Gemini 1.5 Flash-8B is now production ready

26 points by srameshc 2 days ago | 11 comments

bearjaws 2 days ago |
Damn I literally just published a article benchmarking flash-1.5 and showing it is very impressive for it's cost.
https://myswamp.substack.com/p/improving-accessibility-using...
Maybe I'll redo it and add in 1.5-8b, it's so cheap it doesn't hurt to add it lol.
YetAnotherNick 2 days ago |
Can you also include gpt-4o-mini.
bearjaws a day ago |
I made a note with the updated chart:
https://substack.com/profile/107132439-michael-barajas/note/...
Havoc 2 days ago |
Does anyone know if the rate limits on Flash and Flash8B are separate?
Alifatisk a day ago |
It's on the bottom
> To make this model as useful as we can, we are doubling the 1.5 Flash-8B rate limits, meaning developers can send up to 4,000 requests per minute (RPM).
You can even compare the late limit here https://ai.google.dev/pricing
faangguyindia 2 days ago |
It's such a shame, zed editor cannot use Gemini Flash for code completion, it's stuck on Supermaven or copilot.

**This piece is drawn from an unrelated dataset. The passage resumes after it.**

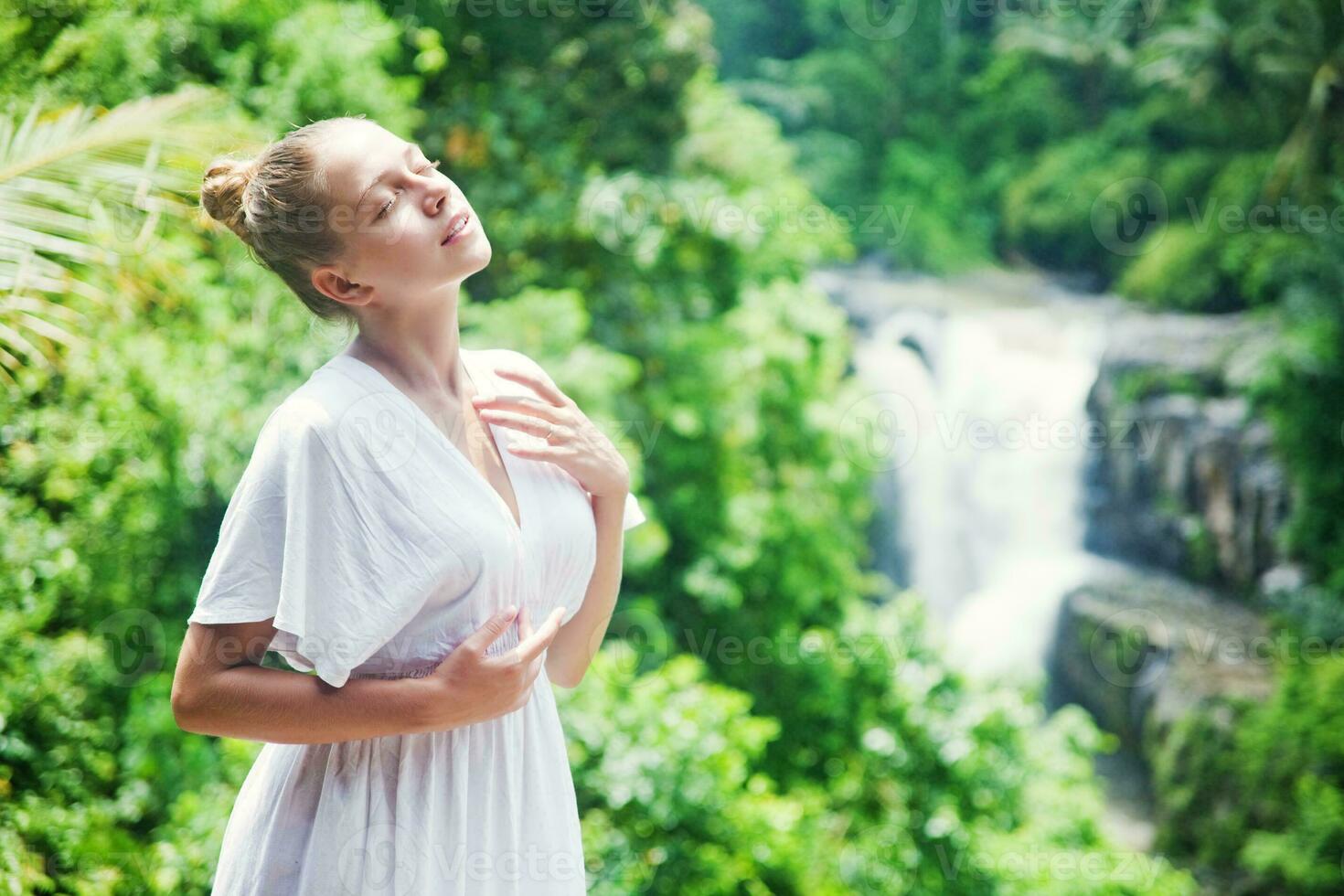 schön Frau im Weiß Kleid Stehen im Vorderseite von Wasserfall foto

Most editors can easily support LLMs via Fill in Middle operation mode
Alifatisk a day ago |
Why do some people turn to Gemini? I've tried it, and I remember it lacking or being heavily censored. Is it because it's cheap? Or is it better at some tasks that others aren't?
druskacik 10 hours ago |
Mainly for its long context abilities. The other major LLMs peak at 128-256K context windows, Gemini models promise 1 million (2 million in case of 1.5 Pro).
Alifatisk 7 hours ago |
Oh, you're right! I was about to ask how because gemini.google.com never allowed me, but I guess it's accessible through aistudio.google.com.
But I do wonder, how well does Gemini 1.5 Pro / Flash recall from the context window? For example, when both chatGPT and Claude allowed for 8k context window, Claude was still way far ahead with recalling what you've said compared to chatGPT which tend to forget tokens after a while, so you had to remind it.
druskacik 6 hours ago |
Yes, aistudio.google.com is the way to go! You can upload some long documents such as books and try the long context. And the AI Studio is actually free, not many people know about this.
As of the recall performance, I can't really speak from my experience, you should try yourself :)
Alifatisk 6 hours ago |
I actually stayed away from AI studio (until I completely forgot about it) because I taught it was for enterprise or paying customers only. I'll definitely try it out, thank you!